● Prompt:
In the entries below, which lines run from the one containing "Salud pide acudir" to the one containing "Hotel Surya Plaza"? Copy exactly those lines, ends included, and no others.

»»

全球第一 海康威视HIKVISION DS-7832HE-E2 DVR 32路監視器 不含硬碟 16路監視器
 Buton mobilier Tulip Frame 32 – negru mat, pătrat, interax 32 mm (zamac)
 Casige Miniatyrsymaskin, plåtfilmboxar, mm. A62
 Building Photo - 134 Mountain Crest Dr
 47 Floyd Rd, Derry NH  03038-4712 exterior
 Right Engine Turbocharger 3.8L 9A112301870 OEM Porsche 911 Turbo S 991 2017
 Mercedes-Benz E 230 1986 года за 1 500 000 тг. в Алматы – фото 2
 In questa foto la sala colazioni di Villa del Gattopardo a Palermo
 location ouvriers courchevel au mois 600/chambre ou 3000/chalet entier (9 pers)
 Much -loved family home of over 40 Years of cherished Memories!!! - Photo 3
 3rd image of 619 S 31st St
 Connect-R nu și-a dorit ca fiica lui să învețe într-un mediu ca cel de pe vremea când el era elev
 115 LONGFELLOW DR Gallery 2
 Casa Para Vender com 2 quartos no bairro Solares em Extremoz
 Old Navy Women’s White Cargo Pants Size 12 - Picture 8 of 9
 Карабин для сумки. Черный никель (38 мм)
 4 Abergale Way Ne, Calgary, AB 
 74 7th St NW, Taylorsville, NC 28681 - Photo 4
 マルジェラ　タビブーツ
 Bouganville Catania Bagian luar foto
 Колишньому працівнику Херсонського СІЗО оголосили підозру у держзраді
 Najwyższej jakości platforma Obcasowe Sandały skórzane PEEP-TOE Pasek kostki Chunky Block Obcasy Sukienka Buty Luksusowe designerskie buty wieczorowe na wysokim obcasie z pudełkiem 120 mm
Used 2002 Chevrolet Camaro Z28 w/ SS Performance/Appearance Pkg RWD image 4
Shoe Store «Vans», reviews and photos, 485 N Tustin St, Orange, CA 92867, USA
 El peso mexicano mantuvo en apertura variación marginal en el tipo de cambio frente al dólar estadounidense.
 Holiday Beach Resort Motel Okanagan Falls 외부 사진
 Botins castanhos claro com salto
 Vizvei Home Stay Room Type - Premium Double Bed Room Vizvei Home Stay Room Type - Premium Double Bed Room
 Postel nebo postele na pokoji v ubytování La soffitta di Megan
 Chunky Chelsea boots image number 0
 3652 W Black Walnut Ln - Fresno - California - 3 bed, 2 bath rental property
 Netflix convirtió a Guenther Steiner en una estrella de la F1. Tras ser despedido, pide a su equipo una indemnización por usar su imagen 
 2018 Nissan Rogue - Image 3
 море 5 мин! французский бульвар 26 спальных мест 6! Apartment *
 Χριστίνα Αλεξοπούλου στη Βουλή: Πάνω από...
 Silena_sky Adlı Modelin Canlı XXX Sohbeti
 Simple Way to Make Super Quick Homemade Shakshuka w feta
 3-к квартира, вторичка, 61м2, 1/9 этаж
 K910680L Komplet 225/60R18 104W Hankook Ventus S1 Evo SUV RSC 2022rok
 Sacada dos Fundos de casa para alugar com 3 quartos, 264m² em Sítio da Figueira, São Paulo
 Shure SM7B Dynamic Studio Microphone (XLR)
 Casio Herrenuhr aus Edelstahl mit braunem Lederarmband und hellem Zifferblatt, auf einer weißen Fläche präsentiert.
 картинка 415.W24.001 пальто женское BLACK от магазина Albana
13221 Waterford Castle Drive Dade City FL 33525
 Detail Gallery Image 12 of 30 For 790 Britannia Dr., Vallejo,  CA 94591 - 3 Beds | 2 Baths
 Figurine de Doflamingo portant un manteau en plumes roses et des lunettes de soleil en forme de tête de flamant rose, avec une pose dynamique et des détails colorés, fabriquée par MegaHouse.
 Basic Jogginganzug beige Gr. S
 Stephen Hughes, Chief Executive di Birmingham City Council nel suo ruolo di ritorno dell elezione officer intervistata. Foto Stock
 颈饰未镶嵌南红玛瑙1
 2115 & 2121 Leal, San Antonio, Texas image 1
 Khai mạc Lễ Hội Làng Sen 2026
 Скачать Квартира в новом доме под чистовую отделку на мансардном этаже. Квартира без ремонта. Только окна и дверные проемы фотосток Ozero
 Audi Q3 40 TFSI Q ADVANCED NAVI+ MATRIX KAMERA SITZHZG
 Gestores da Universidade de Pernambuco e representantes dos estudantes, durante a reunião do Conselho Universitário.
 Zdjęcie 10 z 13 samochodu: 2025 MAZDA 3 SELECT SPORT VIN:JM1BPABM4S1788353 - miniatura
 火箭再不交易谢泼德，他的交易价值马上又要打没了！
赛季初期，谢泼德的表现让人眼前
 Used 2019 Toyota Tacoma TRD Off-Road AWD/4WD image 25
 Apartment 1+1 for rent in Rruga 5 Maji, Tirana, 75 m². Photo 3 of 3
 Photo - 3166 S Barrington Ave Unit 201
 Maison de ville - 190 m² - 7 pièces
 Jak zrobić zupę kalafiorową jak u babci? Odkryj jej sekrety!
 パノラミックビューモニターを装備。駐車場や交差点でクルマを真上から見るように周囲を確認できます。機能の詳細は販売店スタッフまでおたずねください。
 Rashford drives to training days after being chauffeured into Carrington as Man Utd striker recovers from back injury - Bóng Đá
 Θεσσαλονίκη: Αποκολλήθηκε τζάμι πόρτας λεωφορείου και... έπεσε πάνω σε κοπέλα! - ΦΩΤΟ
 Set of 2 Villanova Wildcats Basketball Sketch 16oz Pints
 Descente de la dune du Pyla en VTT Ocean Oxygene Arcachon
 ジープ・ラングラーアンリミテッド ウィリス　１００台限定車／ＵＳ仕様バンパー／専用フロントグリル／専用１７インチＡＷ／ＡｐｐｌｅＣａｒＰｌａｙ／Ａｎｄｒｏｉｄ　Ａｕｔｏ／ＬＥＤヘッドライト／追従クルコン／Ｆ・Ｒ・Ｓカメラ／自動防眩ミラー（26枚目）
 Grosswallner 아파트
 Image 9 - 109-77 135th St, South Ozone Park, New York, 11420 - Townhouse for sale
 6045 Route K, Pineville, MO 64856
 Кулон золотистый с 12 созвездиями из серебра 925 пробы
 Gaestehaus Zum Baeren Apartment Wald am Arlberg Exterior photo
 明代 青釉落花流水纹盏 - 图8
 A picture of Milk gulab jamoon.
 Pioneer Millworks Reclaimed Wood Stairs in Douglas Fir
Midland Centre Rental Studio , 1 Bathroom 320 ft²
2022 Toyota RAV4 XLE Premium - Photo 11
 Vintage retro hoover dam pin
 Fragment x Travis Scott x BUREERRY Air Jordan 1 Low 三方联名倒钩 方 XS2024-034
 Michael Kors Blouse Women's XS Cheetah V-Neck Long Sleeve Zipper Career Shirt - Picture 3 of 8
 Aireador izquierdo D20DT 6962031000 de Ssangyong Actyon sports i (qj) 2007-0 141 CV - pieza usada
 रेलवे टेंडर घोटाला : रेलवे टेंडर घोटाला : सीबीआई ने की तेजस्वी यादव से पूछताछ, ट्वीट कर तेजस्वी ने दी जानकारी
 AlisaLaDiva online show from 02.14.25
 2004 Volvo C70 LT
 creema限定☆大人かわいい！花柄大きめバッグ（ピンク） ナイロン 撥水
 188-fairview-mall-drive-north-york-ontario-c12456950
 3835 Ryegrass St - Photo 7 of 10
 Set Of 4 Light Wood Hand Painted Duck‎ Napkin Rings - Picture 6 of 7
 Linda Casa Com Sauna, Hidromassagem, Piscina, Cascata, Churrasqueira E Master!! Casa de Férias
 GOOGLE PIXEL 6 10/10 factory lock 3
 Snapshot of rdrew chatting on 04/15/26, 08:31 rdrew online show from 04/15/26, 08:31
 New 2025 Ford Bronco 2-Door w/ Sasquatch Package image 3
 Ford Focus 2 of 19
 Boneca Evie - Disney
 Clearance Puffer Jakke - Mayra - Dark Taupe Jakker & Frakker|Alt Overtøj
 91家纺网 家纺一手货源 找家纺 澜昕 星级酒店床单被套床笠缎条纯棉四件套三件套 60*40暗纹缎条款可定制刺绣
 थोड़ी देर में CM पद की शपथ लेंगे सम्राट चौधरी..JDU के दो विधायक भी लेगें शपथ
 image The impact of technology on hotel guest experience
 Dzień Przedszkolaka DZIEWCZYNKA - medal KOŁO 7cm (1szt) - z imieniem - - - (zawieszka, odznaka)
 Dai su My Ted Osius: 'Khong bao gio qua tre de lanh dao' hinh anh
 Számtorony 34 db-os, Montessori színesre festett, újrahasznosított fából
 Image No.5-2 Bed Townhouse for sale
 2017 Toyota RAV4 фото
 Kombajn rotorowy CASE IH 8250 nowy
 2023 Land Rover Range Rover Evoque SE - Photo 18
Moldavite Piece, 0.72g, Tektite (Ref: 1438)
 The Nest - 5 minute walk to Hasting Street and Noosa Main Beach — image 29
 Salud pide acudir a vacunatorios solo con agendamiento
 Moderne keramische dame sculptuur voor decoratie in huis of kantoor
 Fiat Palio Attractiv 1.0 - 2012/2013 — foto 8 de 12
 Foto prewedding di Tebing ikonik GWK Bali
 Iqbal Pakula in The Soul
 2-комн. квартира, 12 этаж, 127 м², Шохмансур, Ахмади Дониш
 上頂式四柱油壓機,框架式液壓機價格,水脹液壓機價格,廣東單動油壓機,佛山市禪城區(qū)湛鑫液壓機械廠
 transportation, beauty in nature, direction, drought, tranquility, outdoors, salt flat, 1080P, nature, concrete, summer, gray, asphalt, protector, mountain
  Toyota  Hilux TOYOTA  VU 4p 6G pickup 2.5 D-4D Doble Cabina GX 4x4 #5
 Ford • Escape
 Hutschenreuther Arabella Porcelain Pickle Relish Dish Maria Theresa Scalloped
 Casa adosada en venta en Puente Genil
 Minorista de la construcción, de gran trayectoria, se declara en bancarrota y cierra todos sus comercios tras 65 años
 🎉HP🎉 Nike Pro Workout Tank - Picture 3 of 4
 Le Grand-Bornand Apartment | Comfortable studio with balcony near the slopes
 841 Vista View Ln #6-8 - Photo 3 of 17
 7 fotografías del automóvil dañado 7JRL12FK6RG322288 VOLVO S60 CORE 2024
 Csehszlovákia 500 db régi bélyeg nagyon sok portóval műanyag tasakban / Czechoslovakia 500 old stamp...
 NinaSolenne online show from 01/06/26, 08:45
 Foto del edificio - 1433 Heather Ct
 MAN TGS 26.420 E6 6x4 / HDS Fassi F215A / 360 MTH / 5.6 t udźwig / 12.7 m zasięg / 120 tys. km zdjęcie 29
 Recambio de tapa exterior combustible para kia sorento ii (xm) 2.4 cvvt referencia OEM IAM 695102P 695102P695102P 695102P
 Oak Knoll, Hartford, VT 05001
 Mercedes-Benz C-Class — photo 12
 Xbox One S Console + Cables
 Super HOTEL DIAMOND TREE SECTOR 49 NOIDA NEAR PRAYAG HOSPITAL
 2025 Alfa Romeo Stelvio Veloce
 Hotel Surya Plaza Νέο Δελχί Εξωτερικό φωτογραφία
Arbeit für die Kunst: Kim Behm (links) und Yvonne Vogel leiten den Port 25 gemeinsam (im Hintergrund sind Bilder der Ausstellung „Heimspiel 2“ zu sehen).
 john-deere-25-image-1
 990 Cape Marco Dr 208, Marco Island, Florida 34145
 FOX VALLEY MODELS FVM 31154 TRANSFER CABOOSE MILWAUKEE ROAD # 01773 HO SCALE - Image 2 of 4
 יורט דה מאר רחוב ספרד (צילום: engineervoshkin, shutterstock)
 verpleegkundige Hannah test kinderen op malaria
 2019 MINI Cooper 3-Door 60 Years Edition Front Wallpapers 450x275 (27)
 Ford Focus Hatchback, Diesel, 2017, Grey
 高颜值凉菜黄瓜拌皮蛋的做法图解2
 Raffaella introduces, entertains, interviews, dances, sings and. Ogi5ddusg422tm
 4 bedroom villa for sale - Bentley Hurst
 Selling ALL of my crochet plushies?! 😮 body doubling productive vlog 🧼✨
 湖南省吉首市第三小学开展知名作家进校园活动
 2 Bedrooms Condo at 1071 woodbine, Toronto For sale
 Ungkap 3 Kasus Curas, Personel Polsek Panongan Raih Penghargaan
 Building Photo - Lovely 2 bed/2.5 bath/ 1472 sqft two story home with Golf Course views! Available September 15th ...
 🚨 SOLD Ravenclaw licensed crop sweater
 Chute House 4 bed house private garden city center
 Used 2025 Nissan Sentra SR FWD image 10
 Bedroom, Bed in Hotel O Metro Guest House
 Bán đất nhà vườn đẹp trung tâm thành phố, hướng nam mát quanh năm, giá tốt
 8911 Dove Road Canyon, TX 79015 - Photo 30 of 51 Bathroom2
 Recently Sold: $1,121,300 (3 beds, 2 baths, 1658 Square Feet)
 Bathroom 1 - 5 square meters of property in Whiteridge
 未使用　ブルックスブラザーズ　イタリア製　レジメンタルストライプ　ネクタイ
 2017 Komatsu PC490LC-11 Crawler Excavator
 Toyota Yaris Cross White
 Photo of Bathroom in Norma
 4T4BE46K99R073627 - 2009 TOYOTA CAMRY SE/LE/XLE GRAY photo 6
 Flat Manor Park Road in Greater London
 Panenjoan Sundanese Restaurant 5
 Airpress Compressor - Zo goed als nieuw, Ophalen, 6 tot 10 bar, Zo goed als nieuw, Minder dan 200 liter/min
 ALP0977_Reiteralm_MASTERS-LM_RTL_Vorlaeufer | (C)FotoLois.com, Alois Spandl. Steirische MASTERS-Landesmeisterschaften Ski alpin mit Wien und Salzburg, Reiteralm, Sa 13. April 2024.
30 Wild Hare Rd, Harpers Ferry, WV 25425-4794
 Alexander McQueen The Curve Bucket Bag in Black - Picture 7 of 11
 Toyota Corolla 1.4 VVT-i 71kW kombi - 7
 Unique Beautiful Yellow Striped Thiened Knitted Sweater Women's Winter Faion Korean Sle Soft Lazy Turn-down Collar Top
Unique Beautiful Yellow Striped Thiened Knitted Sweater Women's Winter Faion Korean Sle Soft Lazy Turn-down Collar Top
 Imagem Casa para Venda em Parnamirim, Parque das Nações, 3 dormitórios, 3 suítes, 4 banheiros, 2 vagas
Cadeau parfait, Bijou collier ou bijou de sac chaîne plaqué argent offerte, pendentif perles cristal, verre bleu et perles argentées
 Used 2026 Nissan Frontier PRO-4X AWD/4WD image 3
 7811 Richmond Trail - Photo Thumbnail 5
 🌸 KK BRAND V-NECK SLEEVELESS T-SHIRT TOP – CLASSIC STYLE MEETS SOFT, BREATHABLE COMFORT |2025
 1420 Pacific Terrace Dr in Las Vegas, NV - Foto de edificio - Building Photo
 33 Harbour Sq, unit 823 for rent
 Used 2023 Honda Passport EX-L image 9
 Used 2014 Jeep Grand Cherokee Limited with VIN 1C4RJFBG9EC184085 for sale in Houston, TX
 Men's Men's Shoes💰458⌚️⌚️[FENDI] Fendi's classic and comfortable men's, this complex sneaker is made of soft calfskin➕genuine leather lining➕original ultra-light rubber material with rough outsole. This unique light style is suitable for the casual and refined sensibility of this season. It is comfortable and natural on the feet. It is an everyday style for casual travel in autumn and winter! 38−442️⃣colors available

««

● Response to the task:
 Salud pide acudir a vacunatorios solo con agendamiento
 Moderne keramische dame sculptuur voor decoratie in huis of kantoor
 Fiat Palio Attractiv 1.0 - 2012/2013 — foto 8 de 12
 Foto prewedding di Tebing ikonik GWK Bali
 Iqbal Pakula in The Soul
 2-комн. квартира, 12 этаж, 127 м², Шохмансур, Ахмади Дониш
 上頂式四柱油壓機,框架式液壓機價格,水脹液壓機價格,廣東單動油壓機,佛山市禪城區(qū)湛鑫液壓機械廠
 transportation, beauty in nature, direction, drought, tranquility, outdoors, salt flat, 1080P, nature, concrete, summer, gray, asphalt, protector, mountain
  Toyota  Hilux TOYOTA  VU 4p 6G pickup 2.5 D-4D Doble Cabina GX 4x4 #5
 Ford • Escape
 Hutschenreuther Arabella Porcelain Pickle Relish Dish Maria Theresa Scalloped
 Casa adosada en venta en Puente Genil
 Minorista de la construcción, de gran trayectoria, se declara en bancarrota y cierra todos sus comercios tras 65 años
 🎉HP🎉 Nike Pro Workout Tank - Picture 3 of 4
 Le Grand-Bornand Apartment | Comfortable studio with balcony near the slopes
 841 Vista View Ln #6-8 - Photo 3 of 17
 7 fotografías del automóvil dañado 7JRL12FK6RG322288 VOLVO S60 CORE 2024
 Csehszlovákia 500 db régi bélyeg nagyon sok portóval műanyag tasakban / Czechoslovakia 500 old stamp...
 NinaSolenne online show from 01/06/26, 08:45
 Foto del edificio - 1433 Heather Ct
 MAN TGS 26.420 E6 6x4 / HDS Fassi F215A / 360 MTH / 5.6 t udźwig / 12.7 m zasięg / 120 tys. km zdjęcie 29
 Recambio de tapa exterior combustible para kia sorento ii (xm) 2.4 cvvt referencia OEM IAM 695102P 695102P695102P 695102P
 Oak Knoll, Hartford, VT 05001
 Mercedes-Benz C-Class — photo 12
 Xbox One S Console + Cables
 Super HOTEL DIAMOND TREE SECTOR 49 NOIDA NEAR PRAYAG HOSPITAL
 2025 Alfa Romeo Stelvio Veloce
 Hotel Surya Plaza Νέο Δελχί Εξωτερικό φωτογραφία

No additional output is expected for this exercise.